Cannibal Horror is a subgenre of films that predominantly emerged from Italian filmmakers during the 1970s and 1980s. These graphically violent movies usually depict cannibalism by primitive, Stone Age natives deep within the Asian or South American rainforests. The general emphasis of these films focuses on various forms of shocking, realistic, and graphic violence, typically including torture, rape, and genuine cruelty to animals.

Some of the roots of the Cannibal Horror subgenre can be traced back to the early 1900s. One of the first instances of cannibalism appearing in horror is the 1917 film The Enchanted Kiss, which mentions chili con carne made from the flesh of a young woman. Another early example is Cornel Wilde’s 1965 film The Naked Prey, which involved a white man being chased by a tribe of natives because his safari group offended their chief.

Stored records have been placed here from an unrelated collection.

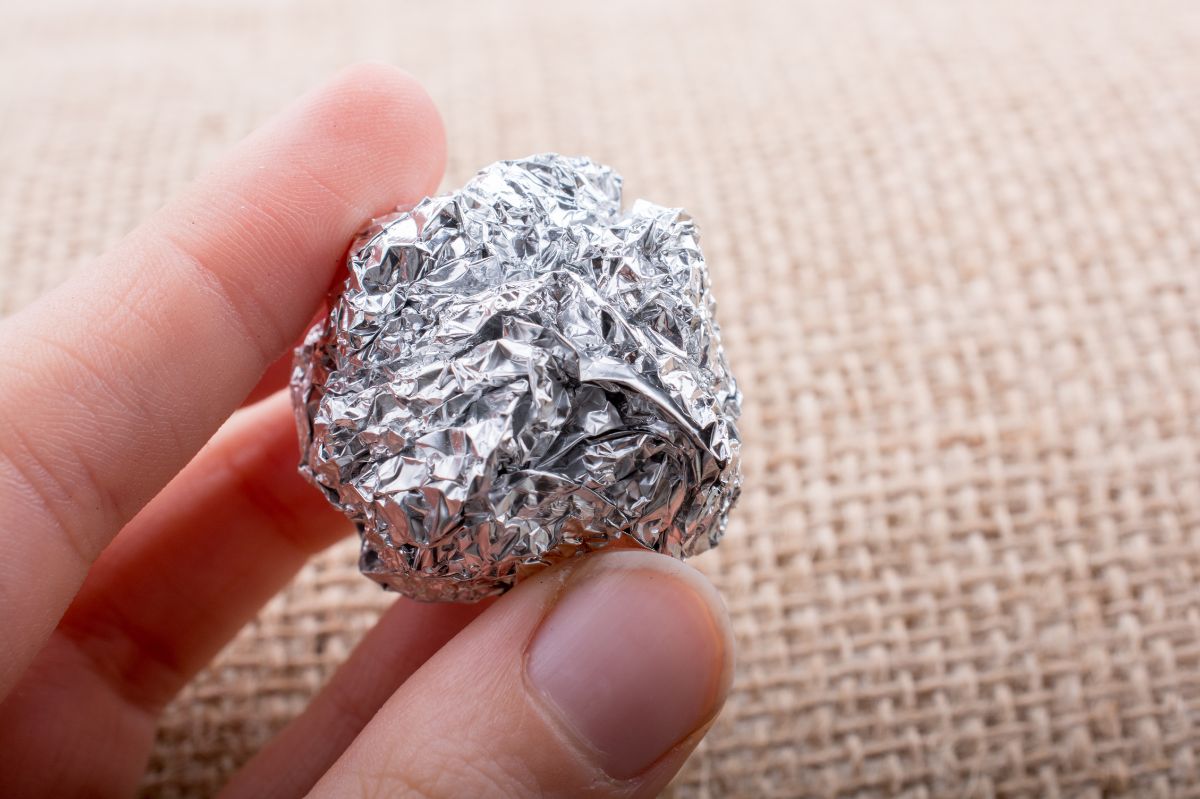 Discover the viral TikTok hack: How a simple ball of aluminum foil can transform your hair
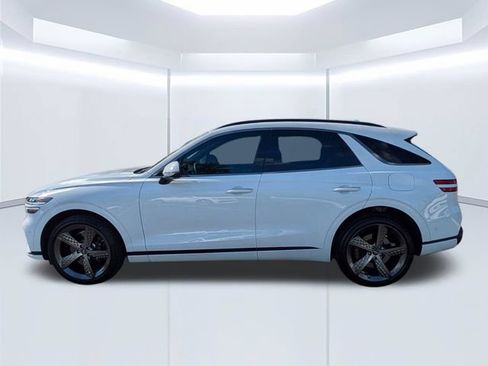 Used 2025 Genesis GV70 3.5T Sport w/ Sport Advanced Package AWD/4WD image 8
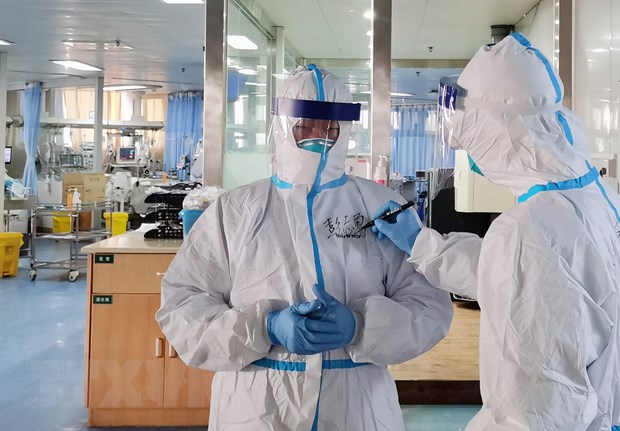 Nhân viên y tế viết tên lên áo tại khoa cách ly điều trị cho bệnh nhân nhiễm virus corona của bệnh viện Zhongnan ở Vũ Hán, tỉnh Hồ Bắc, Trung Quốc, ngày 5-2-2020. (Nguồn: THX/TTXVN)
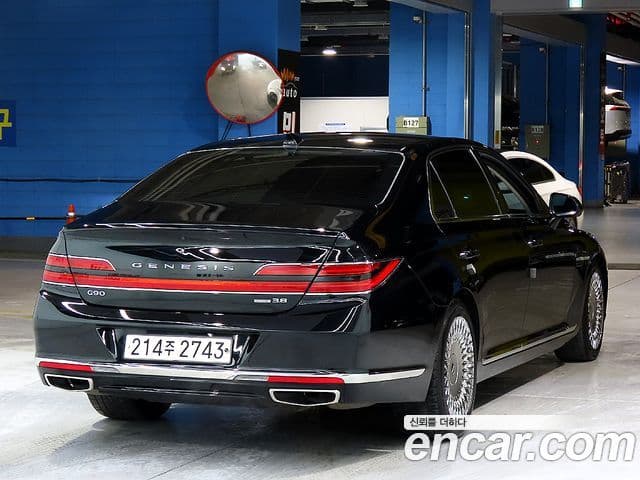 Genesis G90 Premium Luxury, 2019 4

The genre evolved in the early 1970s from a similar subgenre known as mondo films, exploitation documentaries which claimed to present genuine taboo behaviors from around the world. Umberto Lenzi is often cited as originating the cannibal genre with his 1972 film Man from Deep River.

In modern times, the theme of cannibalism has been featured in a range of media that includes film, television, literature, music, and video games. It has been portrayed in various different ways and is occasionally normalized. The act may also be used in media as a means of survival, an accidental misfortune, or an accompaniment to murder.

In literature, authors like Mark Twain and Toni Morrison have used cannibalism to satirize politics and present polemic points about racial, sexual, and class conflicts. In the visual arts, cannibalism has been used to critique societal norms and explore the human condition.

Despite the graphic content and controversy surrounding the films of this subgenre, they have occasionally fallen under favorable or more positive critical interpretation. Certain cannibal films have been noted for containing themes of anti-imperialism and critiques or commentary on Third World oppression and exploitation.